Andrew worked closely with designers to hone and refine the simulation parameters, making sure that the movement of objects appeared visually accurate.
“It’s really funny because you look at somebody playing the game, and you look at somebody else also in the same session. And you see a shard pop out of a chest … and you see it fly across the screen and bounce around,” Andrew said. “If you look at those two screens, you’ll notice that that actual simulation that’s going on isn’t exactly the same, but the actual final location of it is pretty much in the exact same spot.”

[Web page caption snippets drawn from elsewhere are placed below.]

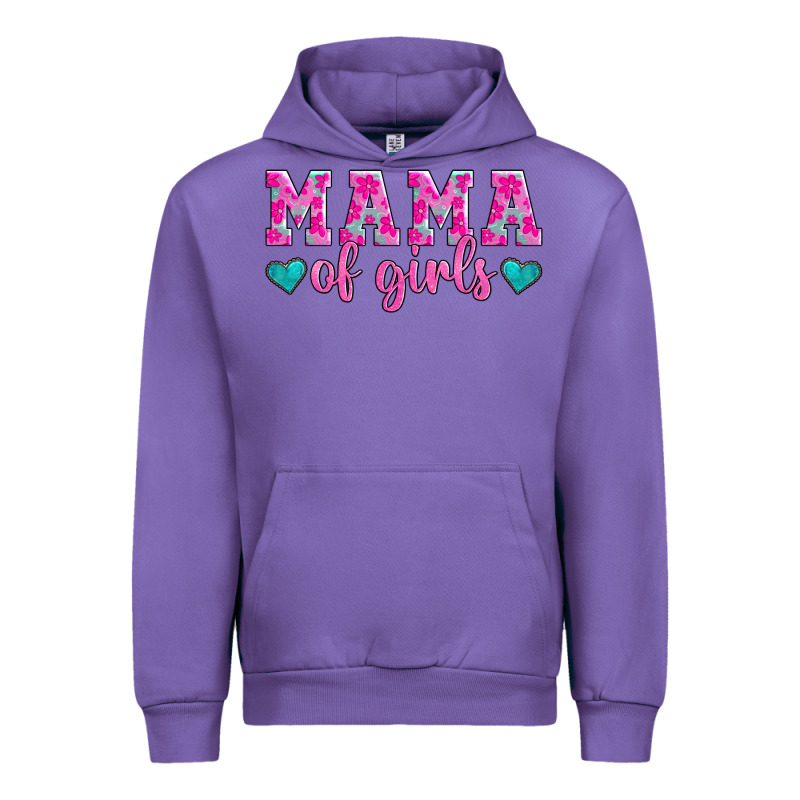Mama Of Girls Floral Pattern Turquoise Heart Urban Hoodie by Jasminsmagicworld | Teevron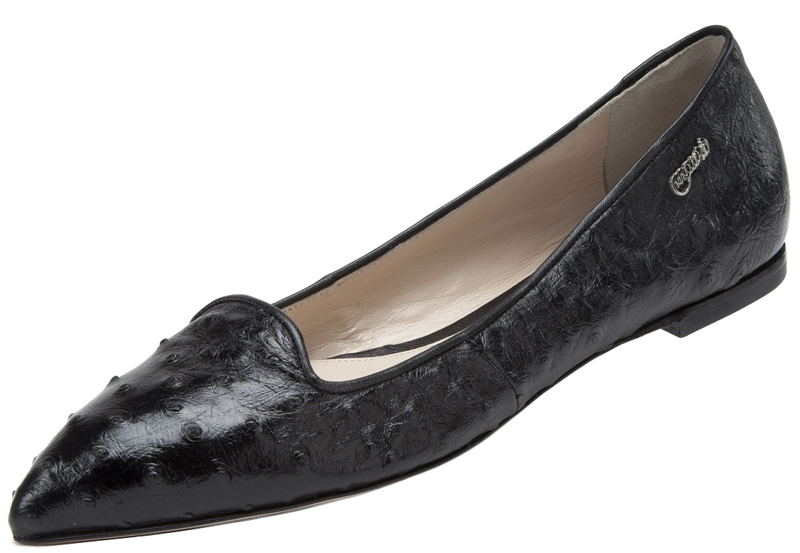 Mauri Ladies "Ballerina" Black Genuine Ostrich Loafer Dress Shoes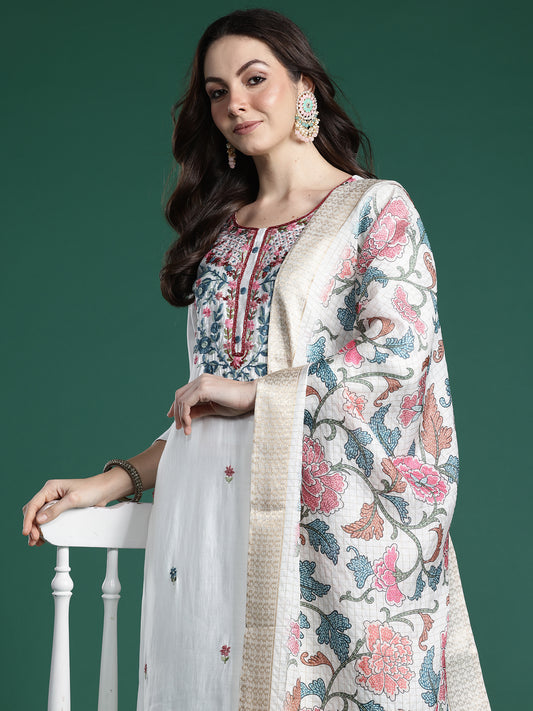 Indo Era White Embroidered Straight Kurta Trousers With Dupatta Set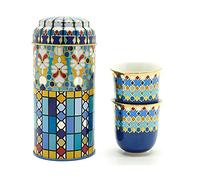 Images d'Orient Set Cadeau 2 en 1 boîte en métal avec 2 x 90ml Tasses à Espresso, café et Moka à Motifs Arabes Multicolores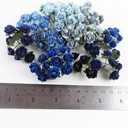 100 pcs Tiny Artificial Roses Mixed Dark and Light Blue Shade Five Color Mulberry Paper Flower 15-18 mm Flower Wedding Scrapbooking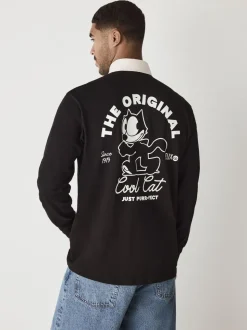 Black Felix Cat Rugby Shirt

For Andrew, this kind of nitty-gritty problem solving was not a far cry from his experiences as a student at DigiPen, where he worked as a physics programmer on games like Rekkage and Grand Theft Flying Object — games that required Andrew and his teammates to develop custom solutions for graphics, physics, and other technology components.
“I have to say that the game projects that you work on [at DigiPen] are so invaluable to actually working in the industry, because they give you so much experience that you may not otherwise have just taking programming classes or design classes,” Andrew said. “I don’t think there is any point in time where I have sat down in a day’s work at Gearbox and not thought to myself, ‘Oh, this reminds me of when I was at DigiPen and I was working on this thing.’”
Now in his third year at the company, Andrew says he still couldn’t be happier with how his career has unfolded thus far.
“I don’t think it would be an overstatement for me to say that working at Gearbox honestly feels like working at one of the best companies ever, because it’s just such a great environment,” Andrew said. “There is no room that you could sit down and start working in and not have the other people in the room become your friends. It’s just a great culture.”
Andrew graduated in 2014 from the BS in Computer Science in Real-Time Interactive Simulation program. Other DigiPen graduates who worked on Battleborn include Matt Hurliman (2015, MS in Computer Science), Amy Price (2011, BS in Computer Science and Game Design), and Alok Sawant (2016, MS in Computer Science).